Search code examples
pythonmysqljoinsqlalchemy

sub-user join with sqlalchemy


I am trying to find a good solution for the following problem

  • There are main-users and sub-users which identify themselves via a parent_user_id.
  • All users also get additional information from the company table

I need to join sub-users to the main-users to get the company information, as well as doing the same for main-users

Users (contains sub and main users)

  • user_id
  • login
  • parent_user_id
  • company_id

Company (contains company information for all users of this company)

  • company_id
  • contact_address

when I search for the user with id 7, it should return the login and the contact address of this user. This is relatively easy because I simply join from Users to Company directly. However, this user 7 can also have a sub-user, which has user_id 11 and parent_user_id 7.

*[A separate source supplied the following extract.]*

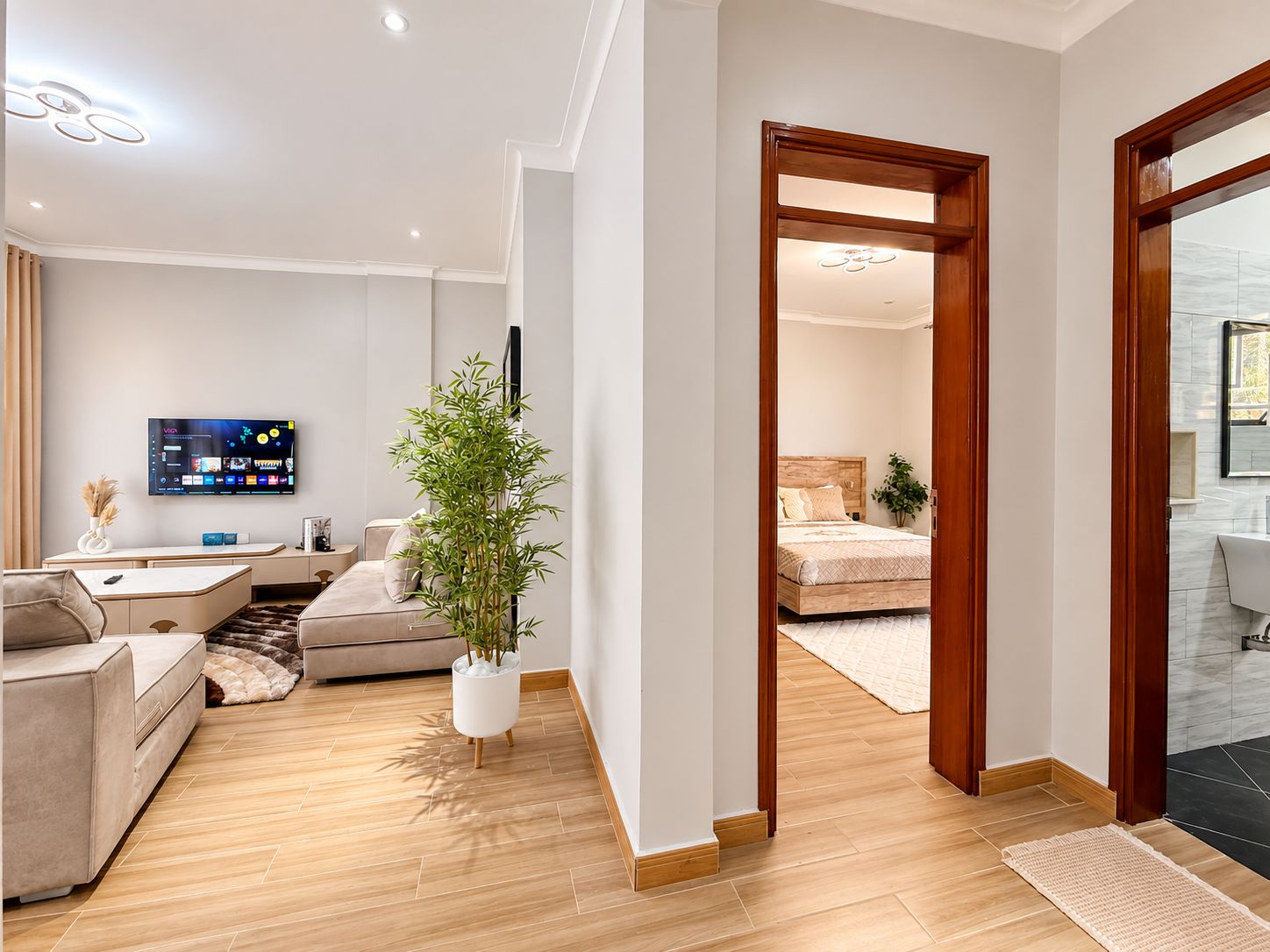 A modern living room with a flat-screen TV, a sofa, a coffee table, and a potted plant.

I first need to join from the parent_user_id 7 to the user 7, and then join from that user's company_id to the Company table to get the contact address.

The challenge here is that a main-user will have a parent_user_id of "NULL", therefore it cannot join from it's parent_user_id to its own user_id. This only works for sub-users.

What I did is a join( or_( ) ) for both parent's company_id as well as the user's company_id (after joining all the users to their parents).

Is this the most common solution for this problem? it seems a bit lengthy, requires aliases, outer joins and an or_ join to allow the two different types of users

user = Users.alias("user")
parent = Users.alias("parent")
company = Company.alias("company")

joined = user.join(parent, user.c.parent_user_id == parent.c.id, isouter=True)
joined = joined.join(company, or_(user.c.company_id == company.c.company_id, parent.c.company_id == company.c.company_id)

sql = select(user.c.id, user.c.login, company.c.contact_address).select_from(joined)

Maybe there is a "pattern" for this sort of problem? I have looked at reverse cte, but I'm not even sure if it applies to this case. There are only sub-users and no deeper nesting (and no "levels" of depth). Main-users simply have no parent_user_id

Edit: Ideally, I am looking for an SQLAlchemy core answer that doesnt use classes, therefore it only uses the metadata from the database using autoload


Solution

  • As commented, you solution is good enough, I think.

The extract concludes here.